Were people interchangeable for Andy?
People were interchangeable for Warhol, if he could continue with someone for a while that was fine, but I think human material was very accessible. I think Warhol used human people, human material, as he used a brush, paint, a tube of paint. And what is the difference? I mean art wise, you have a movie or a great masterpiece on canvas, and the merit or the interest is the same.
Do you think Andy was responsible for all the things that he did?
Well Andy was extremely clever to surround himself with people with a certain talent.
One of them being Morrissay. Morrissey was actually responsible for a lot of the film. Weather there was film in the camera, it did not matter. People were still acting and behaving in front of the camera, but I think that Warhol really cared because he always seemed to be so exhausted and dying. He would still carry the equipment and have the electrical cord behind him, you know he always seemed to make such effort to make those things happen.
Did Andy want fame from his films?
At first he was very upset that his movies were not getting the Hollywood attention he wanted.

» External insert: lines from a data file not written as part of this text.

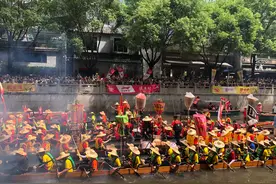 广州传统龙船景：2岁半孩童登船划桨，七旬老翁仍在敲鼓，不希望大家过分调侃“房东梗”图片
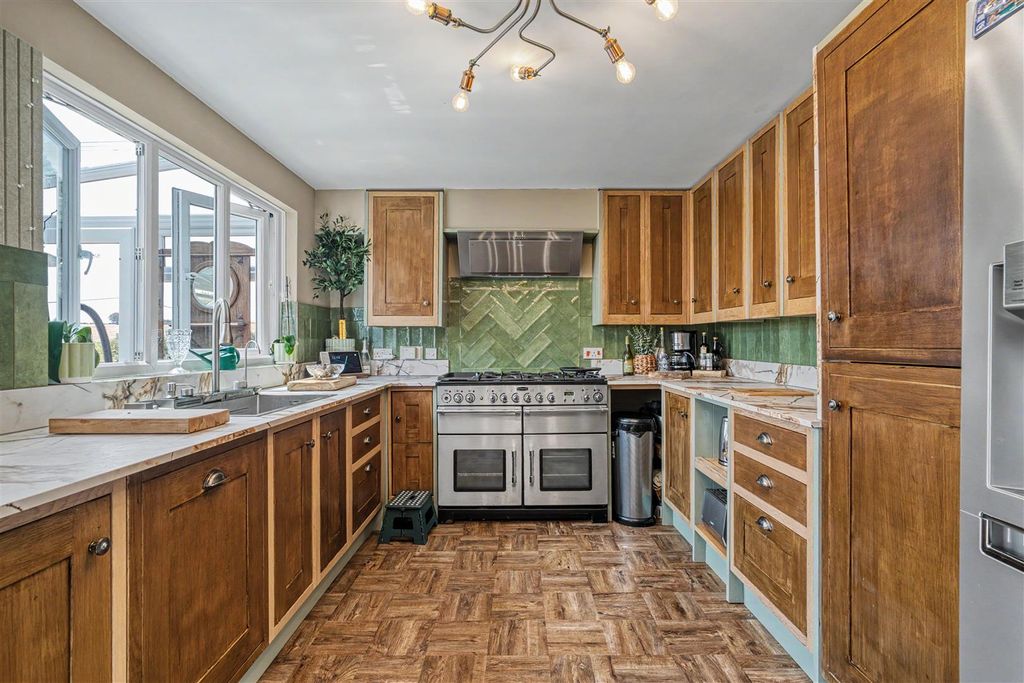 Property photo 3 of 11 Kitchen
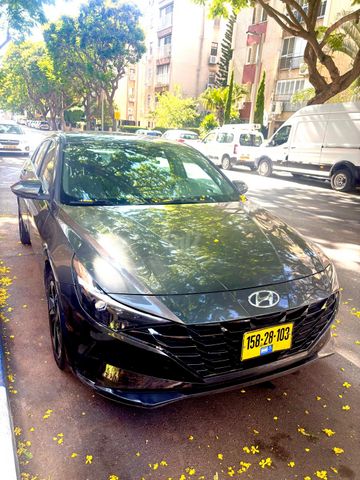 יונדאי אלנטרה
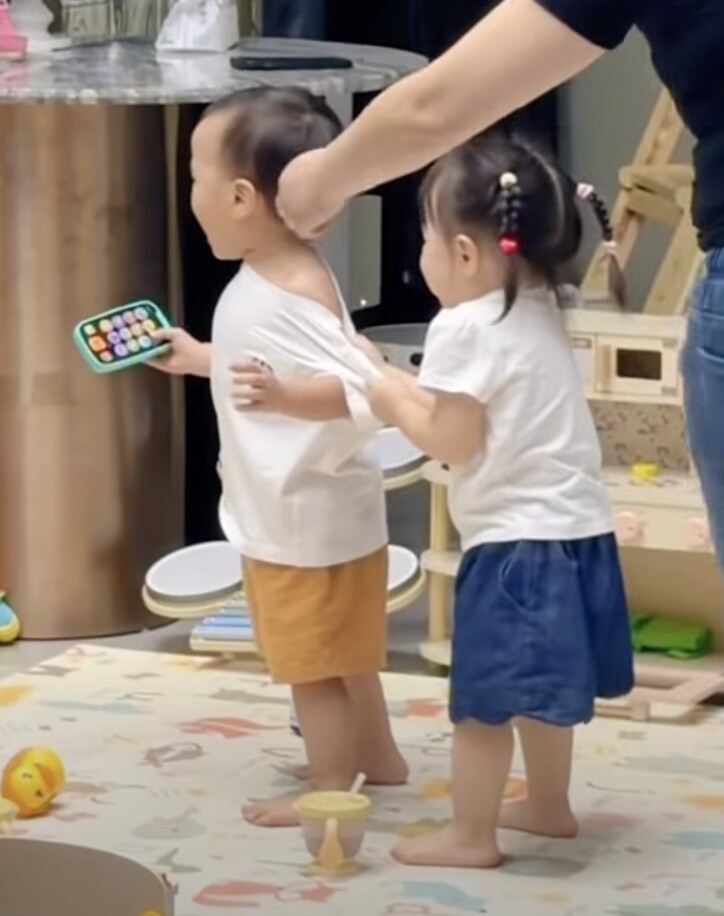 Cặp sinh đôi Jimmy và Jenny dành đồ chơi.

What was interesting, is the way he reinvented cinema, meaning first the camera was absolutely still, in black in white and no sound, then eventually the camera moved to the right, or to the left , so he went through all the motions of reinventing what film was all about.
Can you tell me about competition among the Superstars?
I could not say that there was a lot of love between the Superstars. We were not about loving one another. We were about loving ourselves, so there wasn’t really any kind of fights. But again, Warhol was at the centre and because he was there, everybody was multidirectional, aiming at Warhol, so he was the cosmic glue that held people together in some kind of a peaceful situation. I don’t remember any big battles with the Superstars.
So pretty much, the activity of the Silver Factory…everyone was pleasant to everyone else, did they have any major disagreements in the “family”?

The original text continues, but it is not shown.